It was also their biggest operation since they deployed in Afghanistan as part of a US-led invasion that toppled the Taleban government to punish it for shielding Osama bin Laden in late 2001. And it represents a turning point in Afghanistan’s biggest reconstruction project – the restoration of the Kajaki dam – amid growing public frustration at the slow pace of development since then.

“This is a significant military operation which demonstrates that our strategy of delivering civil effect is making progress in southern Afghanistan,” said Lieutenant-Colonel David Reynolds, spokesman for British forces in Helmand.

“Ultimately success in Afghanistan is about more than defeating the Taleban or the absence of fighting. It’s also about creating jobs, security and economic development.”

Nato commanders argued initially that the operation should not take place in late August – the climax of the Taleban’s fighting season – but during the annual spring poppy harvest when militant activity usually calms down. But they came under pressure from US government officials keen to show progress in Afghanistan before the presidential election in order to secure funding lines, according to sources in Kabul.

The 330ft dam was built in 1953 to provide electricity and irrigation for two million people living downstream on the Helmand River, but it fell into disrepair after the Soviet Union withdrew its troops in 1989.

America began to restore it in 2004, promising to repair its two existing turbines and install a third to generate a combined total of 53MW of power for the two provinces of Kandahar and Helmand – now at the centre of the insurgency and the opium trade.

One turbine was fixed in 2005, but the $100 million project ground to a halt after British troops began defending Kajaki in 2006 and found themselves encircled by the Taleban to such an extent that they could be supplied only by air.

As the insurgency intensified and spread to other parts of Afghanistan over the past two years, Kajaki became the most potent symbol of the international community’s failure to live up to its pledges to re-build the country.

“It is essential for us to . . . get the turbine in,” said the Governor of Helmand, Gulab Mangal, shortly before the operation began.

“I met [President] Karzai recently with the British and America ambassadors. I asked them, ‘If Kajaki was situated anywhere else in the country would you have left it so long to…get the turbine in?’ They were unable to answer.”

British officers running the operation told The Times that their biggest obstacle was security, because the road to Kajaki – Highway 611 – was largely controlled by the Taleban and was riddled with IEDs and Soviet-era mines.

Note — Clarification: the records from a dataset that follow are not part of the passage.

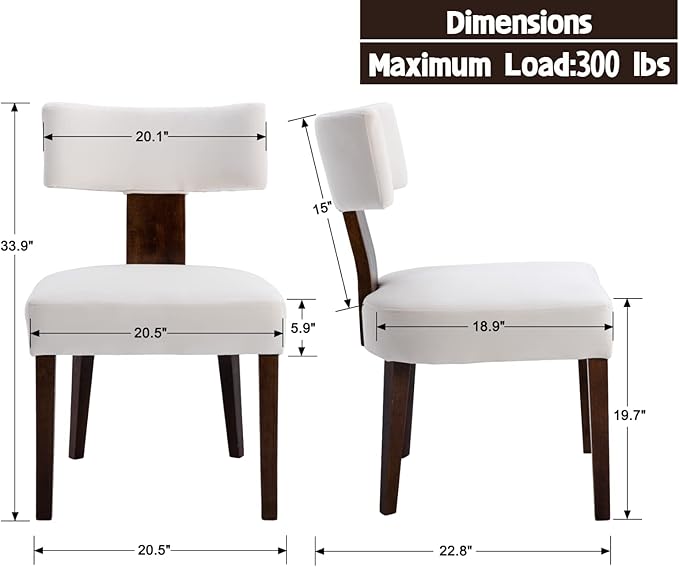 Mid Century Modern Dining Chairs Set of 2, Upholstered Wooden Dining Room Cha...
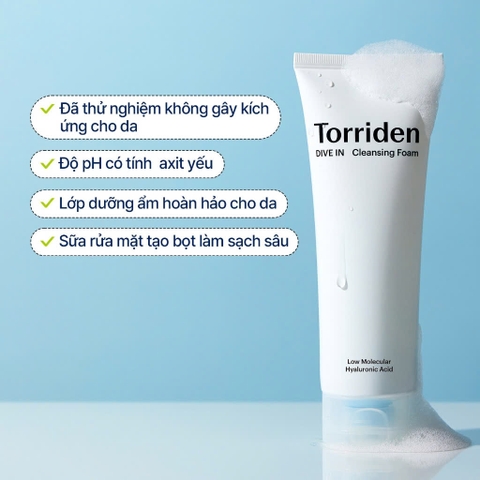 Sữa Rửa Mặt Torriden Tạo Bọt Dưỡng Ẩm Dal DIVE-IN Low Molecular Hyalur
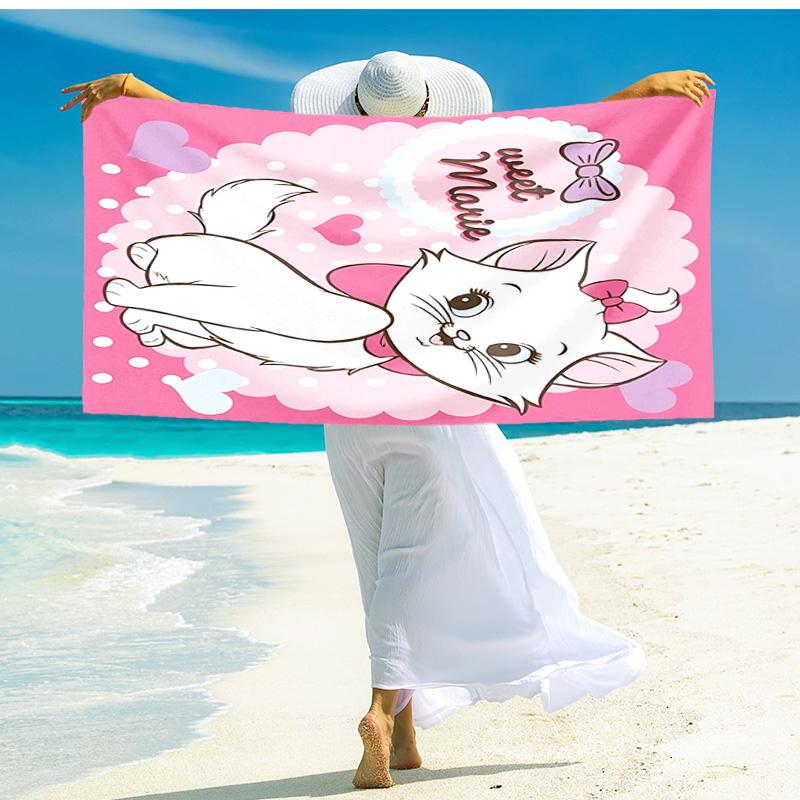 1pc Marie Cute Kitten beach towel,quick drying absorbent beach towel,outdoor sports swimming beach towel,Soft and comfortable Y72855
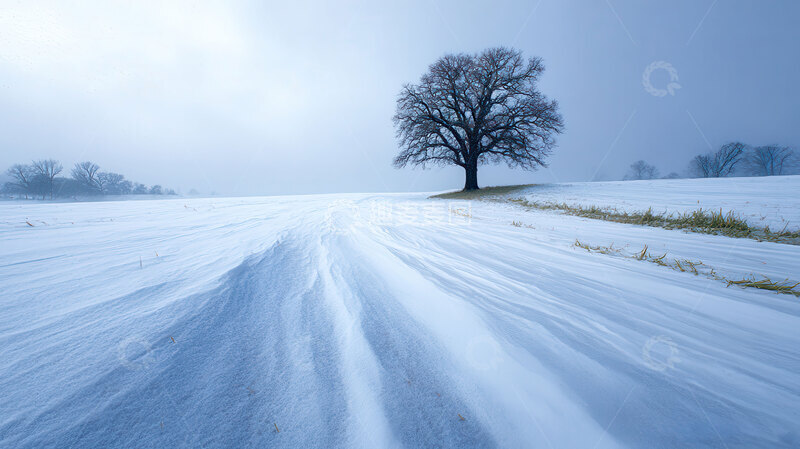 高清大图下载【趣麦麦图】雪原  孤影  独立  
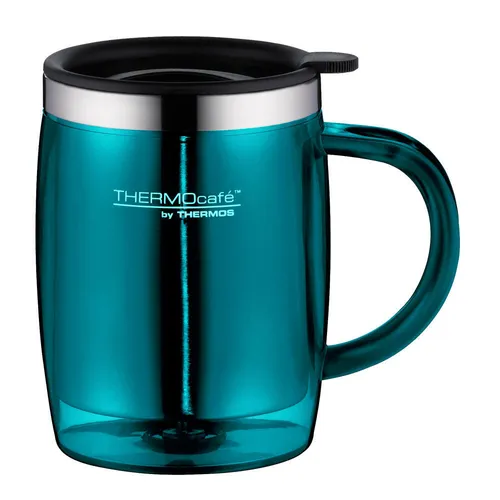 THERMOcafé Isolierbecher Desktop Mug türkis 350 ml - Thermobehälter für heiße und kalte Getränke - der elegante Isolierbecher hält Ihre Getränke lange auf der perfekten Temperatur und ist ideal für Büro und Freizeit.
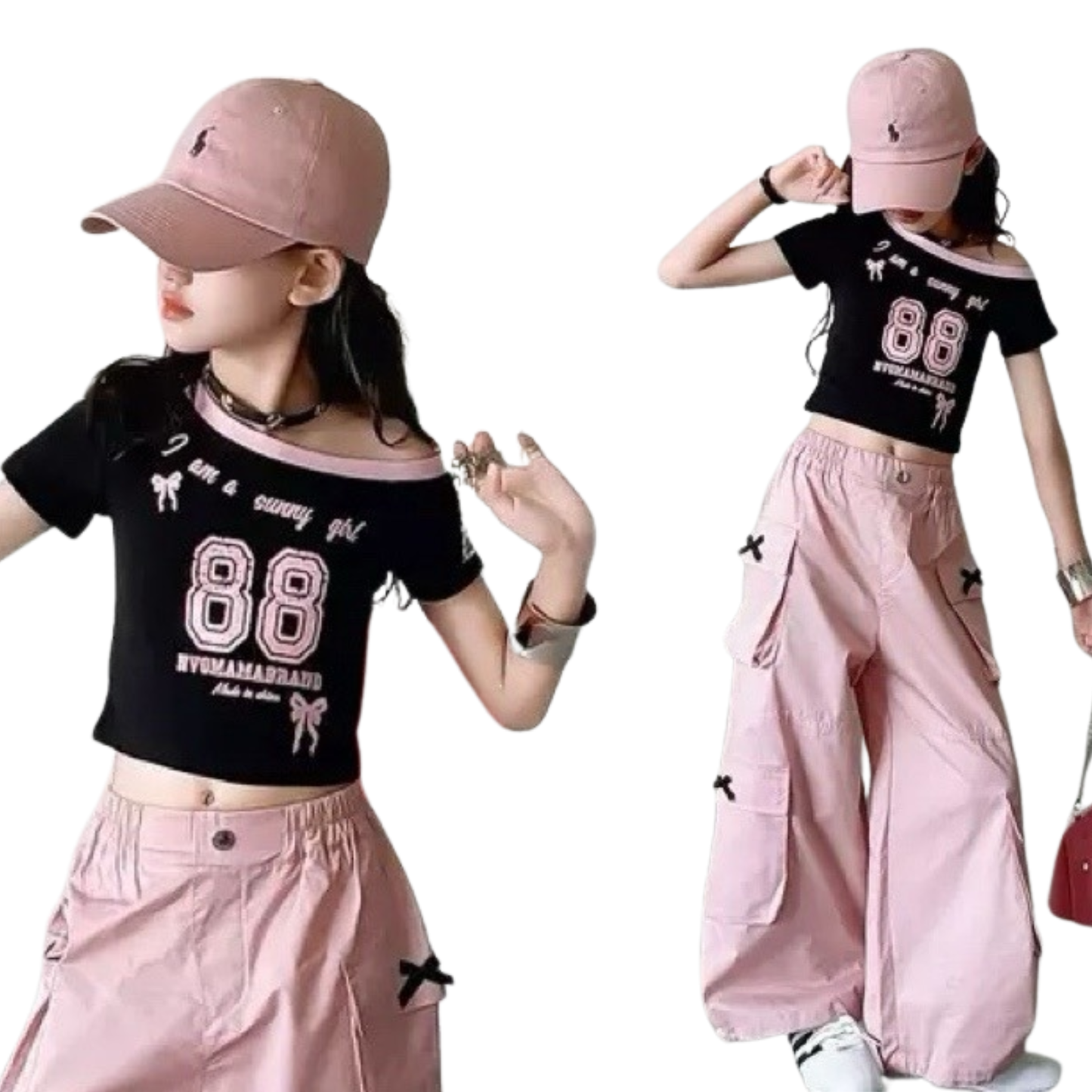 【メール便OK】オフショルダー ナンバリングバイカラー Tシャツ   　wrw1062956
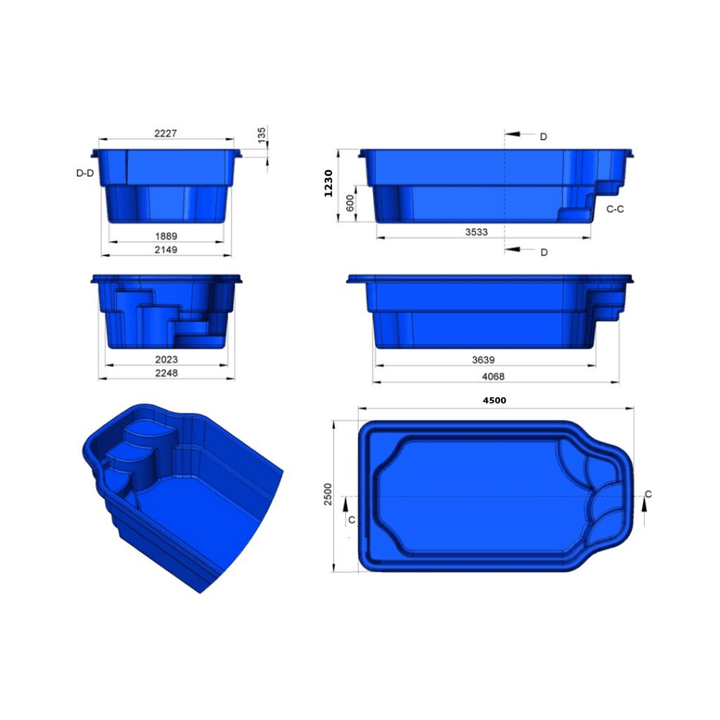 Glasfiberpool Hjälmaren 4,50m x 2,50m x 1,20m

So they sent a “Pathfinder” reconnaissance team to find a new route through the desert – codenamed Harriet – while appearing to make preparations along Highway 611, according to Lieutenant-Colonel Rufus MacNeil, who oversaw the engineering and logistics of the operation.

The cargo was covered in metal sheeting to disguise it as normal containers, which were covered in posters displaying verses from the Koran.

And troops also faced a massive logistical challenge in transporting the cargo, which was so heavy that it had to be carried on six British and three Canadian 34-tonne heavy equipment transporters (HETs).

The HETs are designed to carry tanks on flat tarmac roads and they repeatedly blew their tyres or damaged their hydraulic systems as they crossed the Afghan desert, slowing the convoy down to about 2mph for much of the route.

Engineers at the dam now hope to repair the second 16MW turbine in the next three or four months, and to install the third one, which has a capacity of 18.6 MW, by June or July of next year.

It could be at least two years before residents of Helmand and Kandahar start to receive power from the dam because new transmission lines have to be laid.

Insiders point out that much of the Kajaki dam’s existing power output is already controlled and taxed by the Taleban as it travels though districts held by the insurgents. The installation of a third turbine is thus unlikely to undermine Taleban authority in the short term.

British commanders also admitted that they did not have enough troops to prevent the Taleban from re-establishing control of the road to Kajaki after the operation was finished.

“We don’t have the troop density,” said Lieutenant-Colonel James Learmont, commanding officer of 7 Parachute Regiment Royal Horse Artillery, who delivered the firepower for the convoy. “On the other hand, the Taleban have lost face, so it could be difficult for them to come back.”